Penanews.id, JAKARTA -Pakar Hukum Tata Negara Bivitri Susanti menilai surat keputusan bersama enam menteri/kepala lembaga sebagai dasar hukum melarang segala bentuk aktivitas Front Pembela Islam (FPI), cerdik dan sulit digugat.
Surat Keputusan Bersama Menteri Dalam Negeri, Menteri Hukum dan HAM, Menteri Komunikasi dan Informatika, Jaksa Agung, Kepala Badan Iintelijen Negara, dan Kepala Badan Nasional Penanggulangan Terorisme, nomor 220-4780 tahun 2020, nomor M.HH-14.HH05.05 tahun 2020, nomor 690 tahun 2020, nomor 264 tahun 2020, nomor KB/3/XII 2020, nomor 320 tahun 2020, tentang larangan kegiatan penggunaan simbol dan atribut serta pemberhentian kegiatan Front Pembela Islam itu terbit Rabu, 30 Desember 2020.
SKB itu menyatakan bahwa FPI sudah ‘bubar secara de jure’ karena sejak 21 Juni 2019 tidak memperpanjang SKT. “Namun, SKB ini tidak mengatakan FPI sebagai organisasi ‘terlarang’ (yang tidak ada dasar hukumnya), tidak juga bilang ‘dibubarkan’ (karena mudah diprotes tidak sesuai kebebasan berserikat), juga tidak menyatakan bahwa FPI tidak legal karena memang Putusan MK mengatakan SKT bukan syarat legalitas,” ujar Bivitri saat dihubungi Tempo.
Tetapi kemudian, lanjut Bivitri, diktum kedua SKB menyebutkan; Front Pembela Islam sebagai Organisasi Kemasyarakatan yang secara de jure telah bubar, pada kenyataannya masih terus melakukan berbagai kegiatan yang mengganggu ketenteraman, ketertiban umum dan bertentangan dengan hukum.
“Nah di sini masuklah peran polisi, BNPT, dan lain-lain, para kementerian/lembaga, yang menjadi penanda tangan SKB ini, untuk melakukan penindakan,” ujarnya.
Jadi memang secara tekstual, ujar Bivitri, SKB tersebut tidak membubarkan organisasi seperti halnya pembubaran Hizbut Tahrir Indonesia (HTI).
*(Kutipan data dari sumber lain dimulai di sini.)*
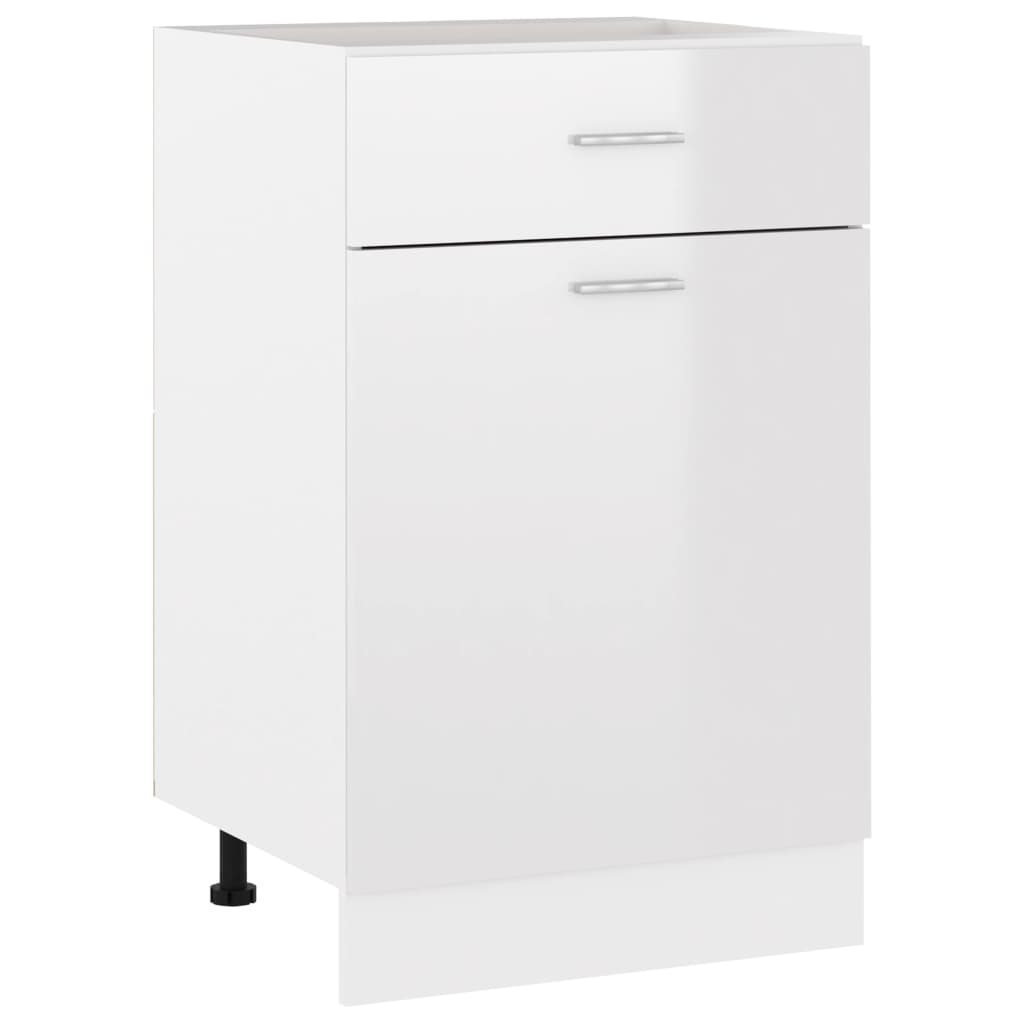 Ντουλάπι με Συρτάρι Lyon Γυαλιστερό Λευκό 50x46x81,5εκ.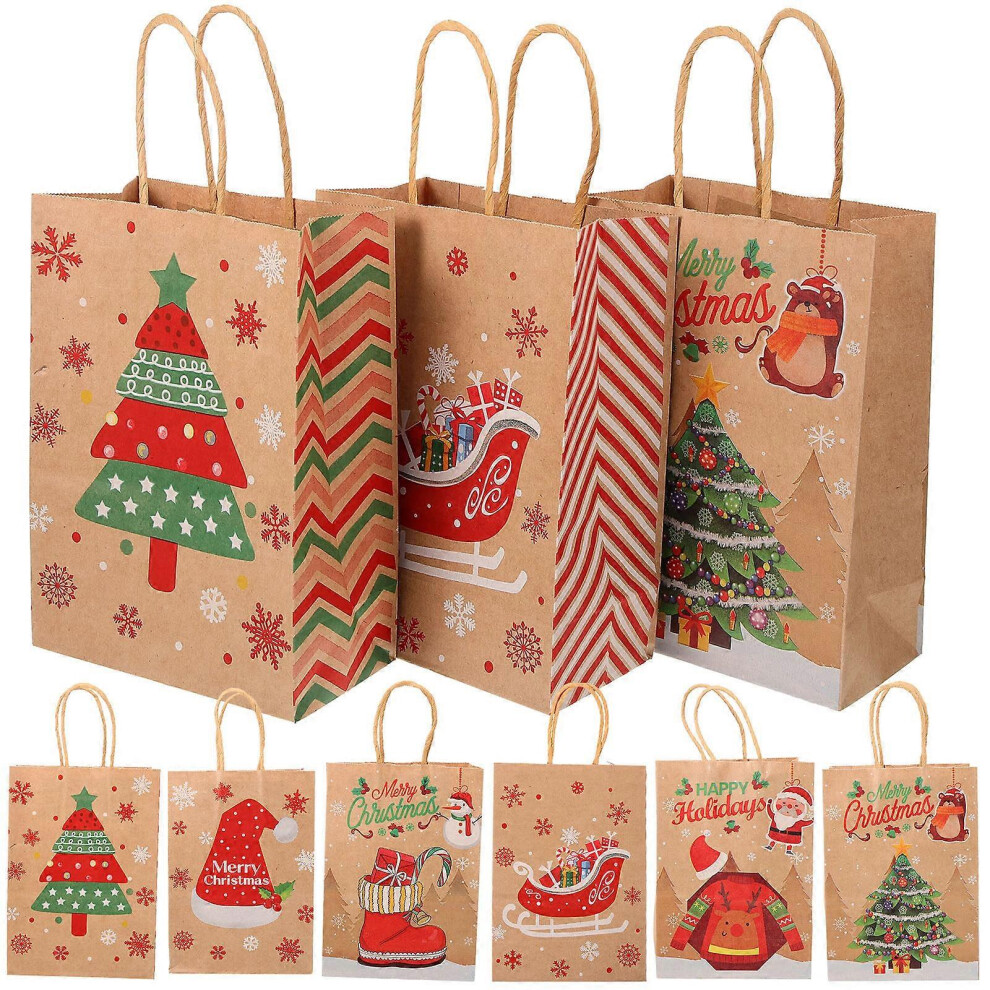Kricely (As Show, One Size) 12Pcs Handheld Christmas Gift Bags Delicate Xmas Themed Gift Bag Gift Wrapping Paper Bags Tote Bags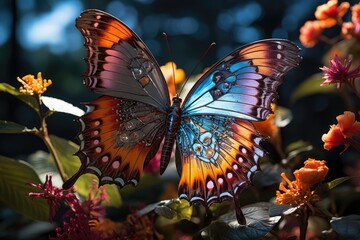 Vibrant butterfly in charming botanical garden., generative IA
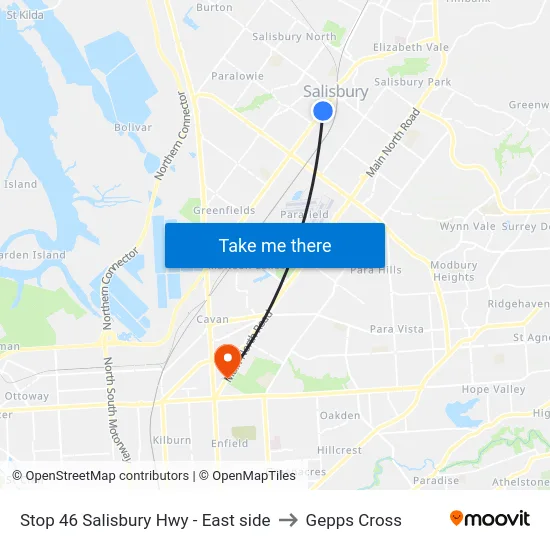 Stop 46 Salisbury Hwy - East side to Gepps Cross map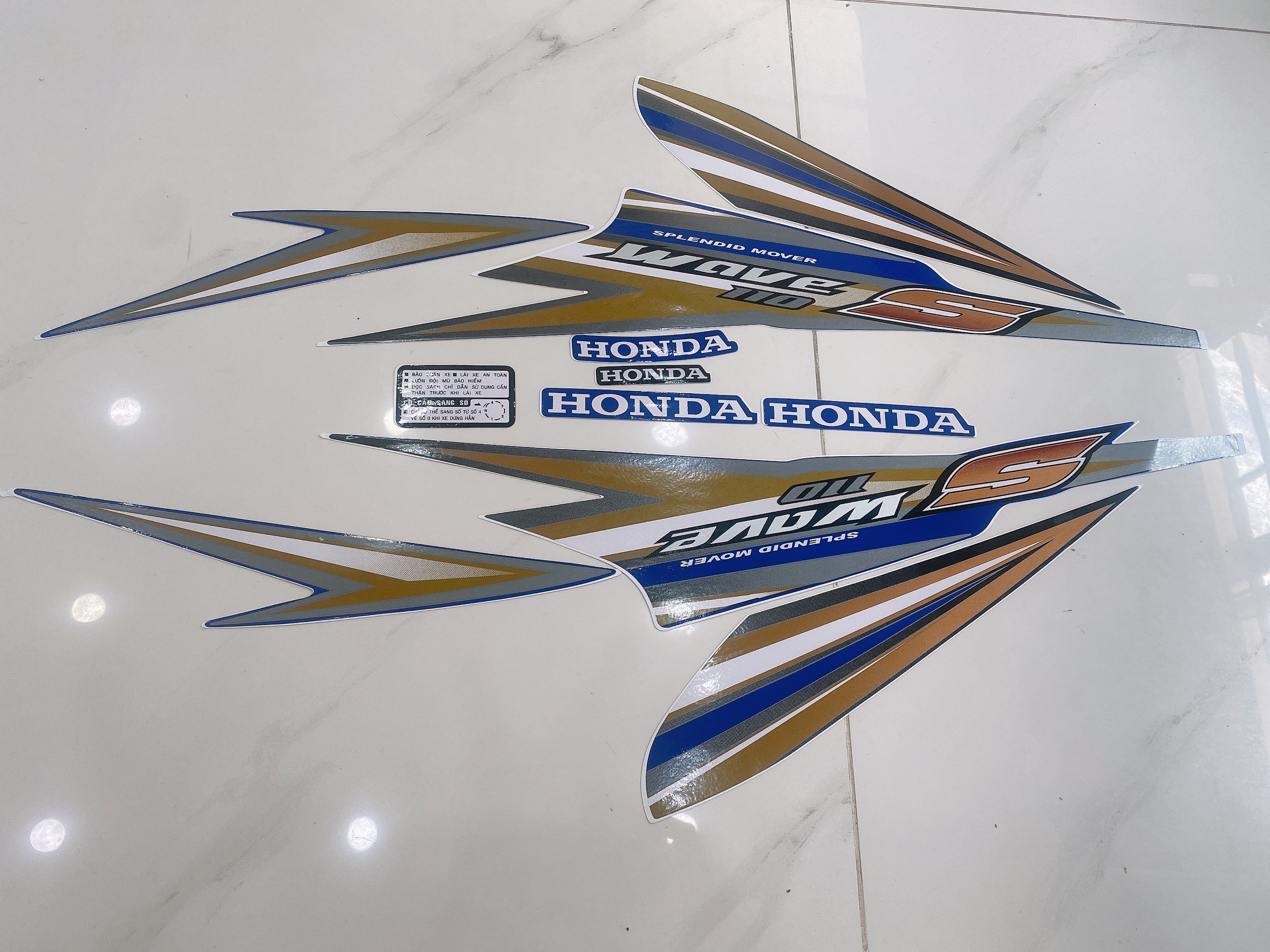 Trọn bộ tem rời dán xe máy 3 lớp Honda Wave S 110 đời 2009 màu xanh dương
Namun secara substansi efektif melarang FPI berkegiatan dan menggunakan namanya secara resmi.
“Orang-orang bisa berdebat di sini karena memang pembuat SKB ini secara cerdik tidak menggunakan kata membubarkan, sehingga sulit untuk digugat secara legal formal. Tapi bila dilihat tujuannya untuk melarang, SKB ini efektif,” ujar Bivitri.
Kalau sudah sulit digugat, Bivitri menyarankan FPI bisa mengganti nama saja.
“Kalau dalam hal berorganisasi, seperti halnya dengan pemikiran, tidak bisa diatur oleh hukum, hukum hanya bisa mengatur perilaku. Kalau seperti ini, ya, besok FPI tinggal ganti nama saja ya sudah tidak melanggar,” ujarnya.